ApacheBench reveals that a simple Hello World bench tops at around 70-75 req/sec in my system which is definitely better than our mod_python based Apache module but still poor compared to something like PHP, probably caused by all the new processes created for every single request. Now if only there was a way to avoid all this unnecessary CPU and I/O work.

Fast(er)CGI?
The above problem with CGI is exactly what led to the development of FastCGI. It is a high performance extension to CGI that provides persistence to your applications. Persistence means that the application is always in memory - no more initialization or other related overheads for every request. One thing to note is that CGI applications don't just work right out of the box and need to be ported. Let us convert a simplified version of our Hello World example to FastCGI.
#include "fcgi_stdio.h"
#include <stdlib.h>
int main(int argc, char *argv[])
{
  int req = 0;
  while(FCGI_Accept()>=0)
  {
    printf("Content-type: text/html; charset=iso-8859-1\n\n"
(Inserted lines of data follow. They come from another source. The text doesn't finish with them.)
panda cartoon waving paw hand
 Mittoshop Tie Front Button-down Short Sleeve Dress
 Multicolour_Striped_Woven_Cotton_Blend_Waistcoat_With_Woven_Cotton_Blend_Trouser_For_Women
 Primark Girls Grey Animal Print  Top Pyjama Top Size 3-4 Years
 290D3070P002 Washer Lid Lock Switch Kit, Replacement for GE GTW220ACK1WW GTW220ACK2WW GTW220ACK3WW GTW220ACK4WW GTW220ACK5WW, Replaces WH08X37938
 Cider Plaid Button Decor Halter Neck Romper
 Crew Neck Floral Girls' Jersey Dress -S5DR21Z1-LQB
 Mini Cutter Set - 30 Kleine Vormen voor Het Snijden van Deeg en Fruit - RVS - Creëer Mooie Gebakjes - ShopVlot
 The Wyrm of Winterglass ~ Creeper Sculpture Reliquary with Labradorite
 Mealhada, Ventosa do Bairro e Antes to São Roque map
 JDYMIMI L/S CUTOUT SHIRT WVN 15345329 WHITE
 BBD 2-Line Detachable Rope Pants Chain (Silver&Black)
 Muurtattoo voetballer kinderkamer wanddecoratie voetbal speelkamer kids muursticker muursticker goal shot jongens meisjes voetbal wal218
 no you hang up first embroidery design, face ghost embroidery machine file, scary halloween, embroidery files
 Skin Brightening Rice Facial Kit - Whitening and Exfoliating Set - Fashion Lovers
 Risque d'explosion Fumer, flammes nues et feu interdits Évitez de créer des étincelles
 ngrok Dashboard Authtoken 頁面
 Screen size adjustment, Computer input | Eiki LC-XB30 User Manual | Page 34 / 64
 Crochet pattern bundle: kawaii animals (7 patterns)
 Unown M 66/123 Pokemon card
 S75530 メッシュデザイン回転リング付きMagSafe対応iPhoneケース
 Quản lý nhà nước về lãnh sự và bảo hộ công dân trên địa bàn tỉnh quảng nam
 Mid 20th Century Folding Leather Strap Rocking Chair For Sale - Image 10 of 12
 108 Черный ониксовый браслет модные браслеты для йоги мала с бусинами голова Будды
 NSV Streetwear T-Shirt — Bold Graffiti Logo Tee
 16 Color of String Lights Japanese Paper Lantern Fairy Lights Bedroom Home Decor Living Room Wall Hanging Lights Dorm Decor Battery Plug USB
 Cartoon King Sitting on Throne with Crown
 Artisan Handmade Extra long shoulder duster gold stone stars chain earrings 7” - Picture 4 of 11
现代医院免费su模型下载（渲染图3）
    "<h1>Hello World</h1>"
    "Request No: %d",++req);
  }
}
Here FCGI_Accept() is a blocking function. When there's a new request, code in the while loop is executed. Else, it blocks and just sits in memory till a new request arrives at the server. Thus, any initialization is done only once. To port code, you need to split it such that code that is request-specific is in the while loop while other stuff that needs to be executed just once is defined before the loop. Also note, the header file we included - fcgi_stdio.h isn't the regular stdio.h we normally include. Also, also note, to run FastCGI on Apache, you need a module like mod_fastcgi or mod_fcgid.

I don't have actual benchies with me to show you how fast FastCGI really is, yet. But I'll be sure to post them here once I do. In the meantime, why don't you try FastCGI out for yourself. The devkit is available for C, C++, Perl and Java.